*** Begin section ***

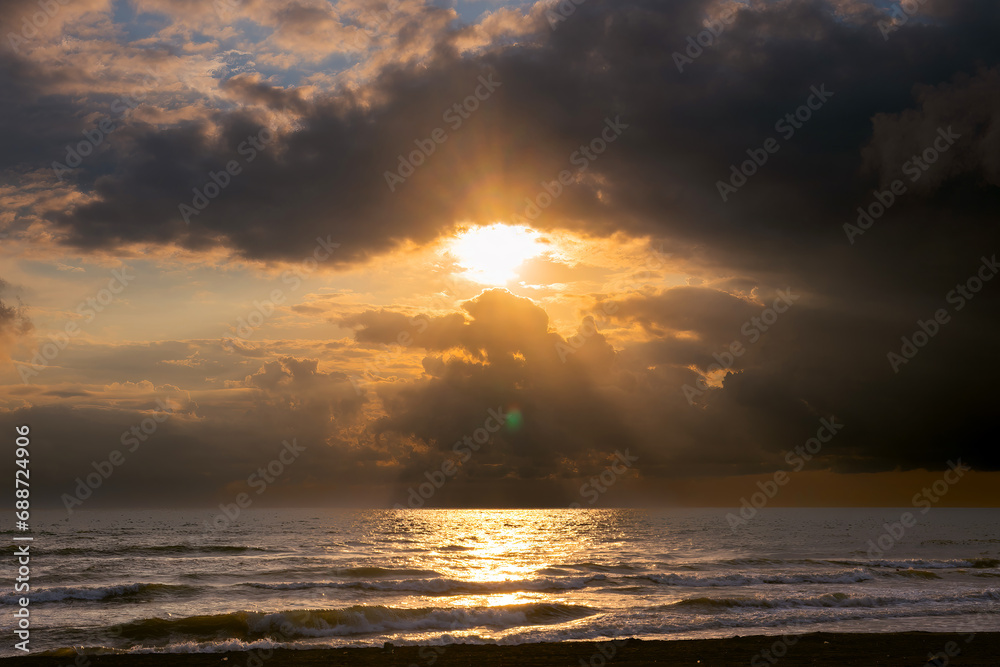Sunset view, seashore, stormy waves, heavy rain clouds on horizon, sun breaking through the cloud like an eye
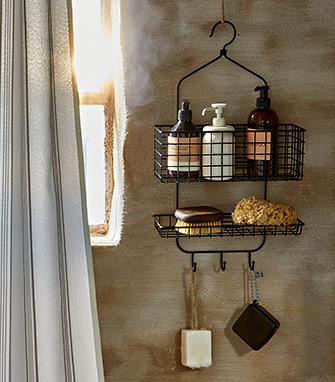 Organizador de ducha colgante en metal negro con botes de jabón, esponjas naturales y accesorios, colgado en una pared de aspecto rústico.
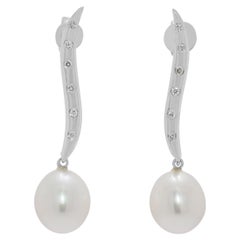 Elegant 0.12ct Diamond 
South Sea Pearl Earrings in 18K White Gold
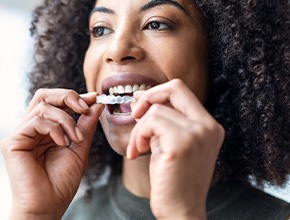 Woman placing Invisalign over upper arch
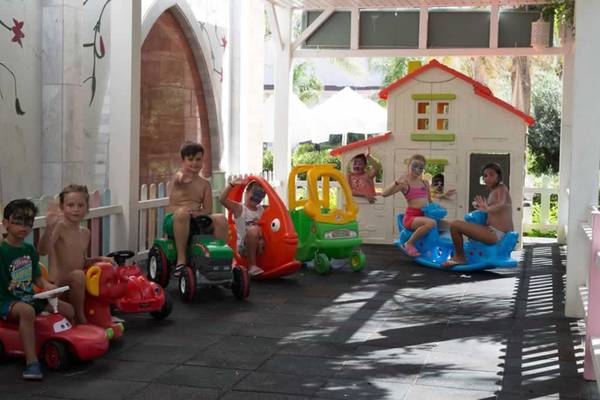 Kinder auf Spielzeugautos im Spielplatzbereich des Royal Taj Mahal Hotels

*** End section ***

### [ACTIVITY]
The lines from the one with "South Sea Pearl Earrings in 18K White Gold" to the end of the data above should be retyped exactly, both ends included, and pictures are to be left out.

### [WRITTEN SOLUTION]
South Sea Pearl Earrings in 18K White Gold
 Woman placing Invisalign over upper arch
 Kinder auf Spielzeugautos im Spielplatzbereich des Royal Taj Mahal Hotels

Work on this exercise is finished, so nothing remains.